Hassan Nasser

Personal information
- Place of birth: Kuwait
- Date of death: 28 May 2010
- Place of death: Paris, France

Senior career*
- Years: Team / Apps / (Gls)
- 1956–1961: Al-Orouba
- 1961–1968: Al-Arabi

International career
- Kuwait

Managerial career
- 1973: Kuwait

= Hassan Nasser =

Kuwaiti footballer (died 2010)

Hassan Nasser (حسن ناصر; died 28 May 2010) was a Kuwaiti football manager and player.

==Life and career==
Nasser was born in Kuwait. He served in the Kuwaiti military. He was promoted to the rank of captain. He started his career with Al-Orouba. In 1961, he signed for Al-Arabi.

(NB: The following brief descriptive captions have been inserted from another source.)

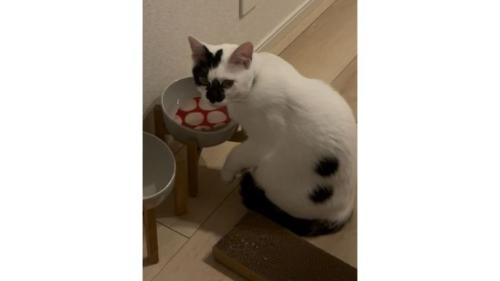 猫と水に入っているコースター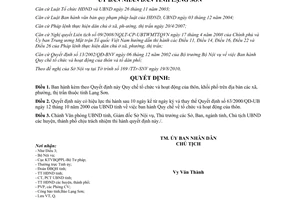 Quyết định 08/2010/QĐ-UBND Quy chế tổ chức và hoạt động thôn, khối phố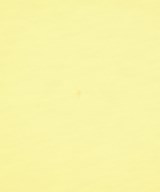 SCOTCH&SODA（スコッチアンドソーダ）Tシャツ・カットソー 黄 サイズ:S レディース/2200647643013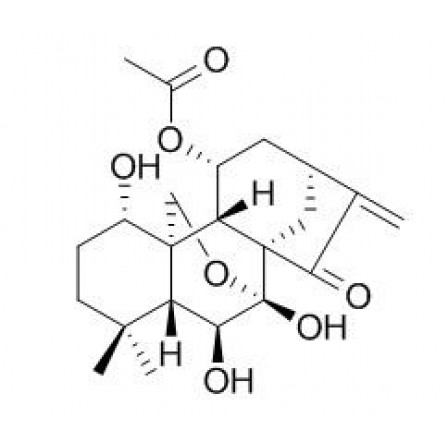 Taibaihenryiins A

He was described as "left indelible marks on the club’s achievements" while playing for the club. He was a Kuwait international. He played for the Kuwait national team at the 1963 Arab Cup. He attended coaching courses in England, Hungary, and Iraq.

Nasser started his managerial career with the under-17 team of Al-Arabi. He helped them achieve second place in the league. In 1973, he was appointed manager of the Kuwait national team. He previously worked as one of the team's assistant managers. He also worked as vice president of the Kuwait Football Association. He was married. He had a daughter and two sons. He died on 28 May 2010 in Paris, France because of heart problems.